● **Work to complete**: Every line from the beginning of the data through the line containing "Isoled Deckenbaldachin rund, weiß, für" should be reproduced exactly, and no further lines should be output.

● **Items from a dataset**:
"""

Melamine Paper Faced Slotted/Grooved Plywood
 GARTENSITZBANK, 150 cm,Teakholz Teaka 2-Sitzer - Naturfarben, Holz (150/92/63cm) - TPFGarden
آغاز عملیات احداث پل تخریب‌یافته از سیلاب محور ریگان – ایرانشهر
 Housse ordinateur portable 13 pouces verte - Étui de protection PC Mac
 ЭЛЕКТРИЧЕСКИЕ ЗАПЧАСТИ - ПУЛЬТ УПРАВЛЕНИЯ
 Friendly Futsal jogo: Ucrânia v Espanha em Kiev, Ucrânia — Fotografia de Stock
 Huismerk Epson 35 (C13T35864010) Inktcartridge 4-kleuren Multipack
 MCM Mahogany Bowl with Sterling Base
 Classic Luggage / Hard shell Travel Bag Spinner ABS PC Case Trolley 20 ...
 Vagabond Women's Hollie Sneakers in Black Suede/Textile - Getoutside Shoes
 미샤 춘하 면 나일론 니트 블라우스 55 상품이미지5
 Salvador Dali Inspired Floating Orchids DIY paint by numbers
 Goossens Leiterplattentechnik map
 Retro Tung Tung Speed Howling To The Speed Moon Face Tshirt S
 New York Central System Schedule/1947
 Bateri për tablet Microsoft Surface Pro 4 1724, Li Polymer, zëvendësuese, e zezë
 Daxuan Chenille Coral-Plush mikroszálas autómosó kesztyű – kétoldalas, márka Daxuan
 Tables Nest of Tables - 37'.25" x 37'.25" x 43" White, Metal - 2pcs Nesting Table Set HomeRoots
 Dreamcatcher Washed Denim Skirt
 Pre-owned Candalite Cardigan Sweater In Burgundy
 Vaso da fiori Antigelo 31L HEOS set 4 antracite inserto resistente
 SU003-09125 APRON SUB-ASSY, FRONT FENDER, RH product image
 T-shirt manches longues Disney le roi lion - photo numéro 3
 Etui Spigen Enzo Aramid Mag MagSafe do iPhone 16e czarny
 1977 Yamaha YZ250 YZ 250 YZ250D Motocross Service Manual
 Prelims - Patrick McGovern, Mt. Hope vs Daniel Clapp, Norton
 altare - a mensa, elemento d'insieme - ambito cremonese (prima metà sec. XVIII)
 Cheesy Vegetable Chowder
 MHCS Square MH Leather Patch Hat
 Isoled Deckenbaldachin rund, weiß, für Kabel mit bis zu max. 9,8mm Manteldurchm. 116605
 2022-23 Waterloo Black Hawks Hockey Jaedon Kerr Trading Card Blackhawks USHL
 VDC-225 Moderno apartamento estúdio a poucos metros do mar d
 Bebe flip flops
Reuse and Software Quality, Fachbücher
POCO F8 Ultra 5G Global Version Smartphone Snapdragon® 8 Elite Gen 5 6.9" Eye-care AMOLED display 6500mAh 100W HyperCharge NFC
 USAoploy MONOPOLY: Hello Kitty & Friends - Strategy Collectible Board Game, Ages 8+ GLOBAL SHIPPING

"""

● **Task answer**:
Melamine Paper Faced Slotted/Grooved Plywood
 GARTENSITZBANK, 150 cm,Teakholz Teaka 2-Sitzer - Naturfarben, Holz (150/92/63cm) - TPFGarden
آغاز عملیات احداث پل تخریب‌یافته از سیلاب محور ریگان – ایرانشهر
 Housse ordinateur portable 13 pouces verte - Étui de protection PC Mac
 ЭЛЕКТРИЧЕСКИЕ ЗАПЧАСТИ - ПУЛЬТ УПРАВЛЕНИЯ
 Friendly Futsal jogo: Ucrânia v Espanha em Kiev, Ucrânia — Fotografia de Stock
 Huismerk Epson 35 (C13T35864010) Inktcartridge 4-kleuren Multipack
 MCM Mahogany Bowl with Sterling Base
 Classic Luggage / Hard shell Travel Bag Spinner ABS PC Case Trolley 20 ...
 Vagabond Women's Hollie Sneakers in Black Suede/Textile - Getoutside Shoes
 미샤 춘하 면 나일론 니트 블라우스 55 상품이미지5
 Salvador Dali Inspired Floating Orchids DIY paint by numbers
 Goossens Leiterplattentechnik map
 Retro Tung Tung Speed Howling To The Speed Moon Face Tshirt S
 New York Central System Schedule/1947
 Bateri për tablet Microsoft Surface Pro 4 1724, Li Polymer, zëvendësuese, e zezë
 Daxuan Chenille Coral-Plush mikroszálas autómosó kesztyű – kétoldalas, márka Daxuan
 Tables Nest of Tables - 37'.25" x 37'.25" x 43" White, Metal - 2pcs Nesting Table Set HomeRoots
 Dreamcatcher Washed Denim Skirt
 Pre-owned Candalite Cardigan Sweater In Burgundy
 Vaso da fiori Antigelo 31L HEOS set 4 antracite inserto resistente
 SU003-09125 APRON SUB-ASSY, FRONT FENDER, RH product image
 T-shirt manches longues Disney le roi lion - photo numéro 3
 Etui Spigen Enzo Aramid Mag MagSafe do iPhone 16e czarny
 1977 Yamaha YZ250 YZ 250 YZ250D Motocross Service Manual
 Prelims - Patrick McGovern, Mt. Hope vs Daniel Clapp, Norton
 altare - a mensa, elemento d'insieme - ambito cremonese (prima metà sec. XVIII)
 Cheesy Vegetable Chowder
 MHCS Square MH Leather Patch Hat
 Isoled Deckenbaldachin rund, weiß, für Kabel mit bis zu max. 9,8mm Manteldurchm. 116605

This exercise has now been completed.